# Data listing
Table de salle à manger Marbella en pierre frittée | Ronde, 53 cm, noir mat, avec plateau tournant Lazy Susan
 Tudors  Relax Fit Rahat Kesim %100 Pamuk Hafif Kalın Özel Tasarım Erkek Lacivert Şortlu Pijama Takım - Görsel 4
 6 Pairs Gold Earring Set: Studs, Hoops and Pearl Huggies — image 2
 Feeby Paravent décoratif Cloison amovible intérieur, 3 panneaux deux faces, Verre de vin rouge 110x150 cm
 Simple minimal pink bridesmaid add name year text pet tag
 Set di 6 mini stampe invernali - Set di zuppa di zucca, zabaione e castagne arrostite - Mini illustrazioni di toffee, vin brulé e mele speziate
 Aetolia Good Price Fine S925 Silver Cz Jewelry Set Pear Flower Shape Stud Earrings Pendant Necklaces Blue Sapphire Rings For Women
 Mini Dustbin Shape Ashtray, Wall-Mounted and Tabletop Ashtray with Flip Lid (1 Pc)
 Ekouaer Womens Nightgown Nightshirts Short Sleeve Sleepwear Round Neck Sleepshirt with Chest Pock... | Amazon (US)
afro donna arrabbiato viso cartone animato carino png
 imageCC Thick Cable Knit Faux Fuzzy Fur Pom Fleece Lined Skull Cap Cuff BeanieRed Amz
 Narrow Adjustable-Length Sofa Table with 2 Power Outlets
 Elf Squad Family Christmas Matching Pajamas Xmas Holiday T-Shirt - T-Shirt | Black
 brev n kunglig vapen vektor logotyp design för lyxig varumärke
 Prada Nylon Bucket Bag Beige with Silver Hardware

# Directions for this task
Up to and including the line with "Feeby Paravent décoratif", output each line of the entries above exactly, starting from the first.

# Task solution
Table de salle à manger Marbella en pierre frittée | Ronde, 53 cm, noir mat, avec plateau tournant Lazy Susan
 Tudors  Relax Fit Rahat Kesim %100 Pamuk Hafif Kalın Özel Tasarım Erkek Lacivert Şortlu Pijama Takım - Görsel 4
 6 Pairs Gold Earring Set: Studs, Hoops and Pearl Huggies — image 2
 Feeby Paravent décoratif Cloison amovible intérieur, 3 panneaux deux faces, Verre de vin rouge 110x150 cm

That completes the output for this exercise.